Restricted Stock Awards

       Like the other Designated Executives, Mr. Mark is eligible for restricted stock awards under the Long-Term Global Growth Program and the Restricted Stock Award Program adopted in 2004, both of which are described above. Mr. Mark's target award opportunity under the Long-Term Global Growth Program is established in shares of Common Stock rather than cash. For the measurement period 2002 through 2004, it was 97,200 shares. As discussed above, the P&O Committee granted restricted stock awards to Designated Executives and executive officers under the Long-Term Global Growth Program for 2004 based on sales and earnings-per-share growth over the 2002 through 2004 measurement period. Mr. Mark was granted 55,890 shares of restricted stock for the 2002 through 2004 measurement period. This represents a 42% decrease in value from the prior year and was well below target. Mr. Mark did not receive a grant under the Restricted Stock Award Program.

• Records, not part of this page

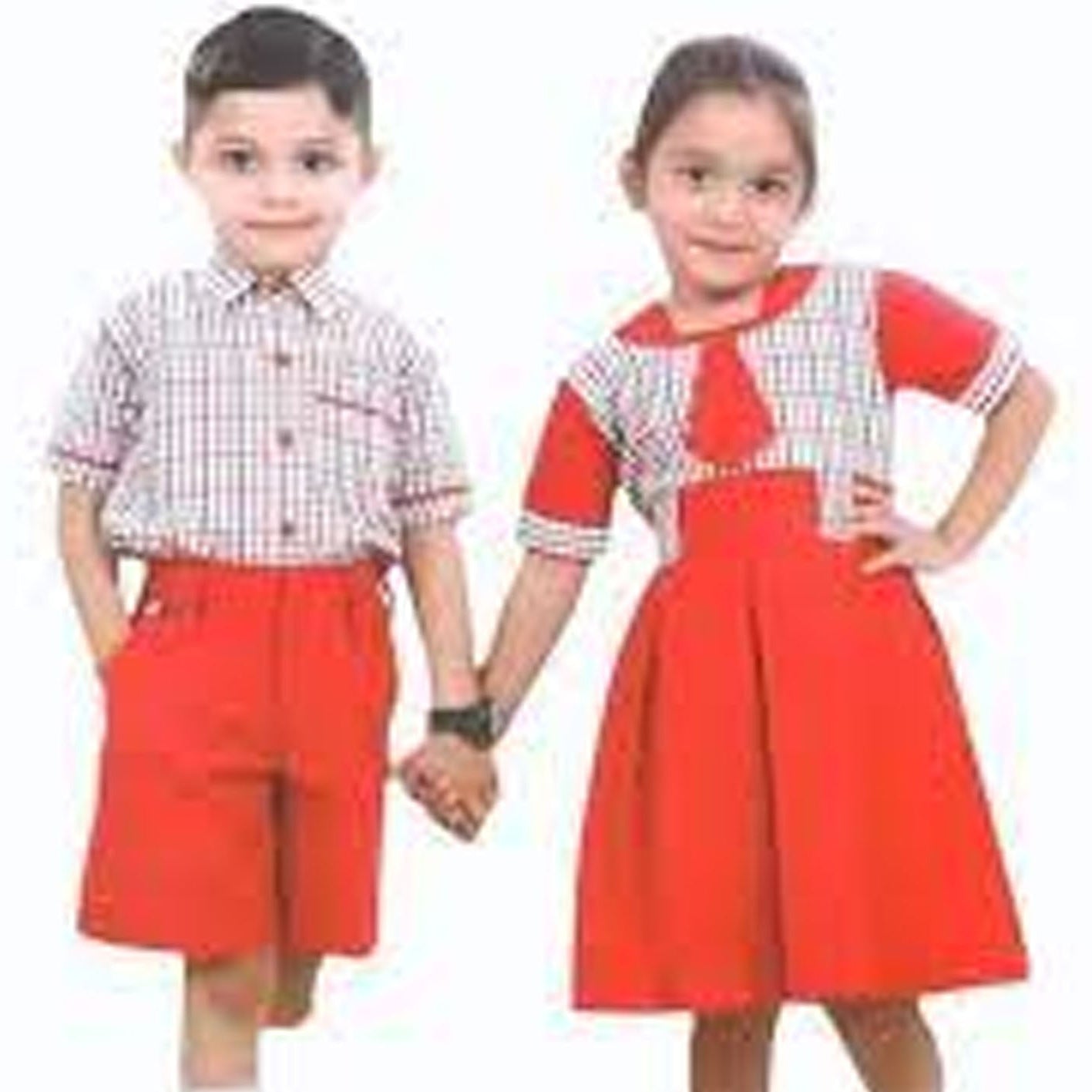Two children holding hands, one in a checkered shirt and red shorts, the other in a red dress with white checkered top.
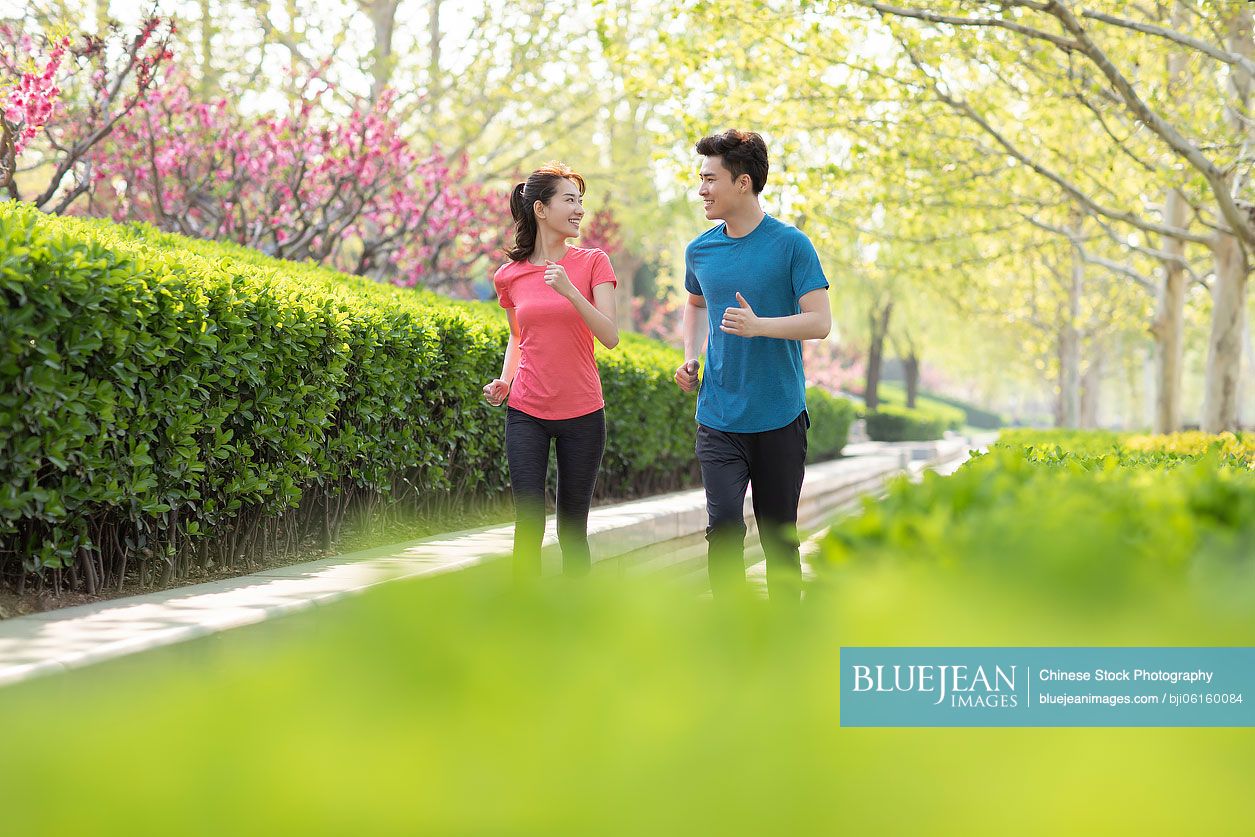 Happy young Chinese couple running in park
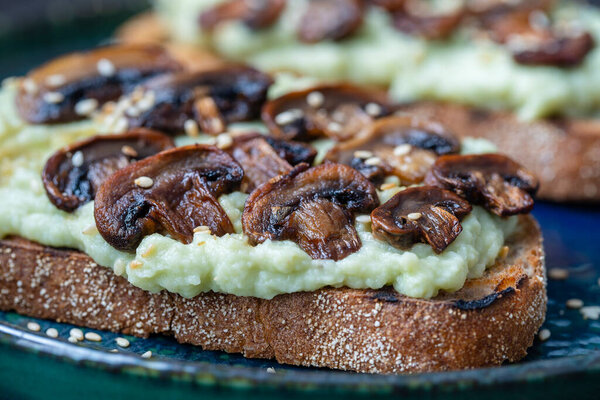 Tasty sandwich with green mashed avocado, fried mushrooms and sesame seeds in plate on a table, close up. Vegetarian food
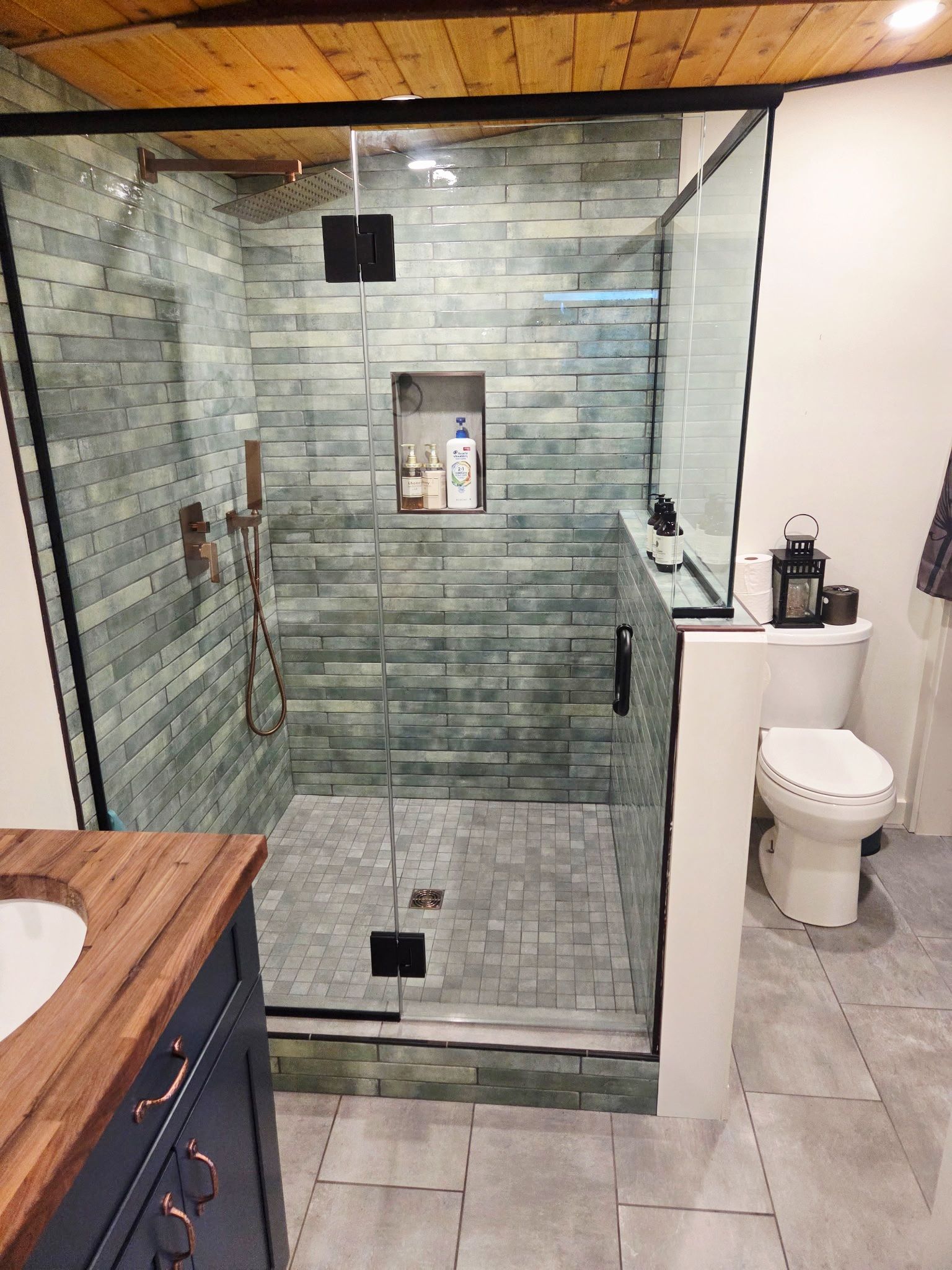 Un baño moderno con ducha de vidrio, inodoro y lavamanos.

       As noted above, in 2003 and 2004 the P&O Committee conducted a comprehensive review of Mr. Mark's compensation with the assistance of Towers Perrin, an independent consultant. Based on this review, in July 2004, the Committee, with the concurrence of the other independent members of the Board, decided not to provide any stock options to Mr. Mark but to give him a restricted stock award of 175,000 shares. In making this award, the Committee wished to recognize Mr. Mark's substantial continuing contributions to the Company and their desire to retain him during the ongoing senior management transition. Accordingly, the award is forfeited if Mr. Mark terminates his employment with the Company prior to March 15, 2007 without the agreement of the Board. This incentive was targeted by the Committee to be competitive with CEOs of the Comparison Group and consistent with the Company's strategy for long-term incentives described above.